More strikes and protests are likely if inflation cannot be tackled quickly and the government’s austerity efforts do not produce tangible results. President Macri claimed that the violence between rival fans of the two main football clubs in Buenos Aires, which resulted in the final of Latin America’s continental championship, the Copa Libertadores, being moved to Madrid, was the result of the Kirchner administration’s ‘connivance’ with football hooligans. In December, security minister Patricia Bullrich broadened the circumstances in which the security forces are authorised to use lethal force. Although the move has been widely criticised, Macri is aware that many voters list personal insecurity as a main concern, and he may choose Bullrich as his running mate this year.
TREND ▲ OUTLOOK ►
Fourteen people were arrested in November following two bomb attacks in Buenos Aires using homemade explosives. One bomb exploded at the Recoleta cemetery and a second was thrown at the home of the federal judge who is heading the corruption investigation of Fernandez de Kirchner. Small-scale bombings, usually on targets such as bank branches, have continued over the years although there has been no major terrorist attack since 1994. The G20 summit held in the city in December passed off without incident amid tight security.

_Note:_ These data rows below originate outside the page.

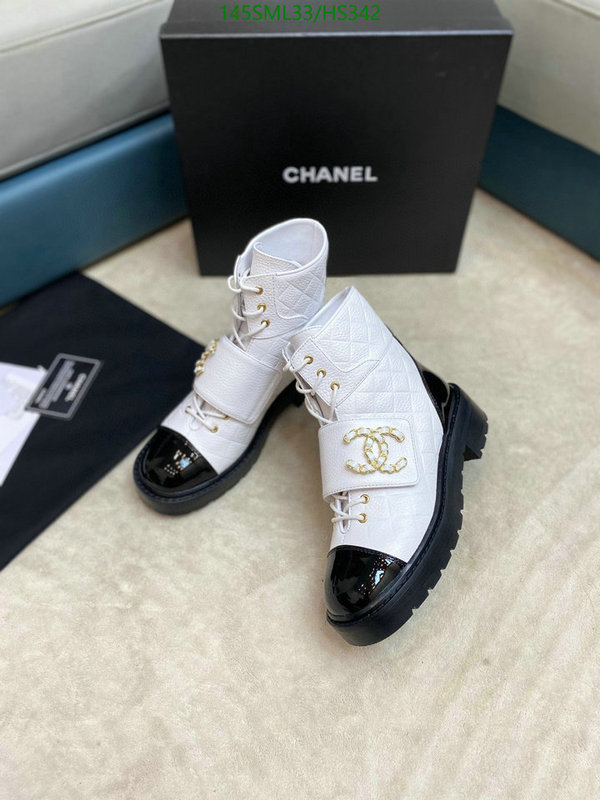 Women Shoes-Chanel,Code: HS342,$: 145USD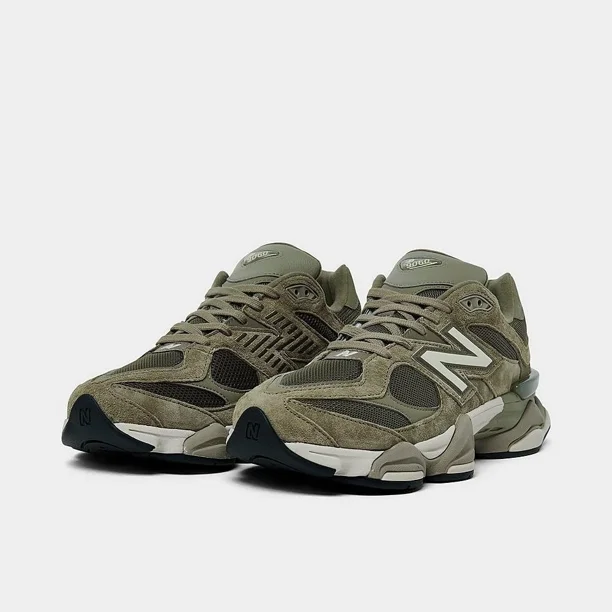 Rare Sz 15 New Balance 9060 Covert Green Stoneware U9060JGC Men's Size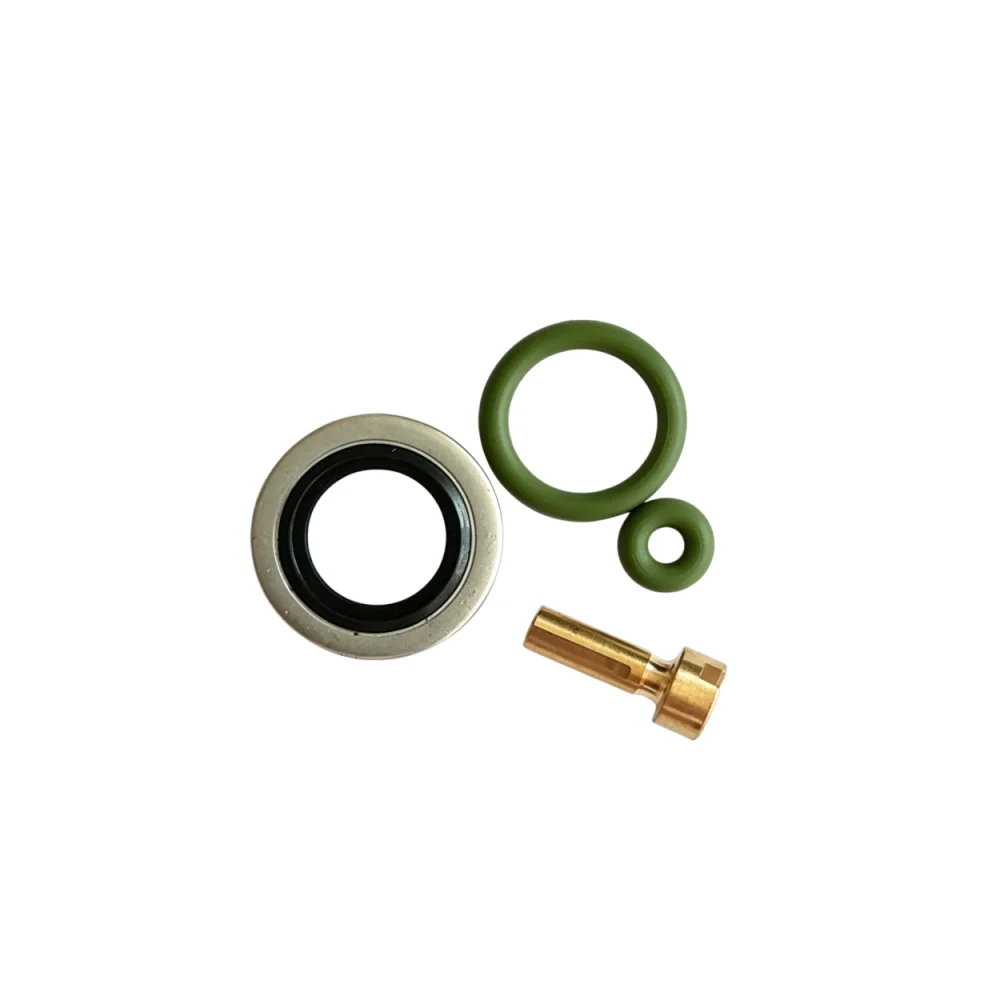 2901107700 Solenoid Valve Repair Kit Replacement For Atlas Copco Screw Air Compressor Maintenance Spare Parts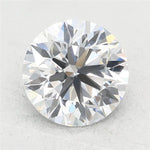 IGI 1.50 Carat Round Brilliant Lab Grown Diamond 人工培育鑽石 實驗室人造鑽石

Concern about the independence of the central bank, together with more general worries about the economy, led to a major sell-off of Argentine assets and saw the peso lose almost half of its value against the dollar during the first three quarters of 2018. A subsequent recovery following a rise in interest rates to 72% has steadied the situation, but the lack of confidence in the peso will see rates remain high even as real wages and domestic purchasing power continue to fall.
In November, Standard & Poor’s cut its rating for Argentina from B+ to B on the deteriorating debt profile, while Fitch downgraded its outlook from stable to negative. The IMF expects the debt-to-GDP ratio of 81% in 2018 to fall slightly to 73% by the end of 2019. Foreign currency debt ended 2018 around 77%, compared to 68% a year earlier, but could reach 99% in the event of a foreign exchange shock. Despite these figures, there has been no immediate panic as the IMF will be covering the government's financing needs during 2019. However, once current IMF funding is exhausted by 2020, doubts will quickly re-emerge over the country’s repayment capacity.